ABOUT THIS EXERCISE: Could you output the listing that follows exactly, without its images?

SOURCE MATERIAL:

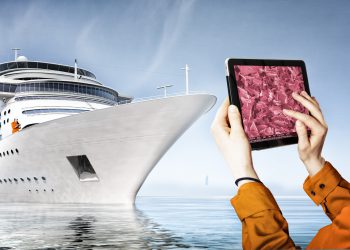 Korrosionsschutz mit plättchenförmigen Metallphosphat Partikeln.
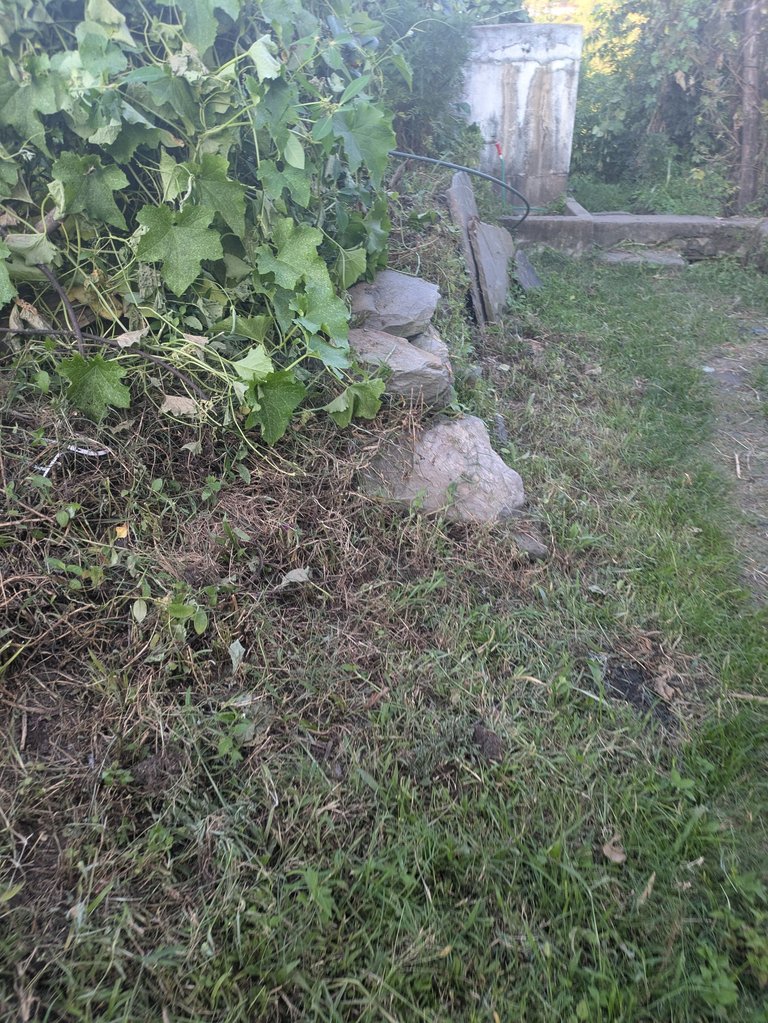 1000091434.jpg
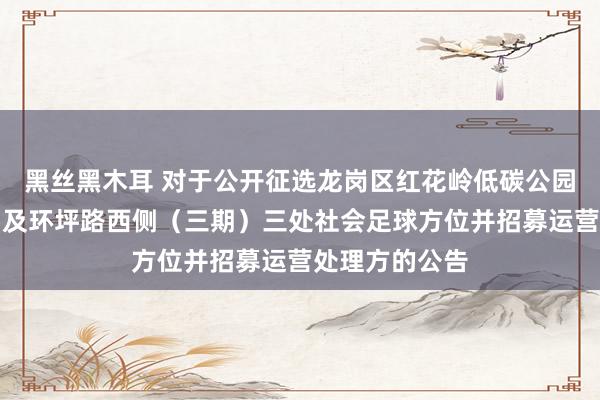 黑丝黑木耳 对于公开征选龙岗区红花岭低碳公园、红花岭公园及环坪路西侧（三期）三处社会足球方位并招募运营处理方的公告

RESULT FOR THIS EXERCISE:
 Korrosionsschutz mit plättchenförmigen Metallphosphat Partikeln.
 1000091434.jpg
 黑丝黑木耳 对于公开征选龙岗区红花岭低碳公园、红花岭公园及环坪路西侧（三期）三处社会足球方位并招募运营处理方的公告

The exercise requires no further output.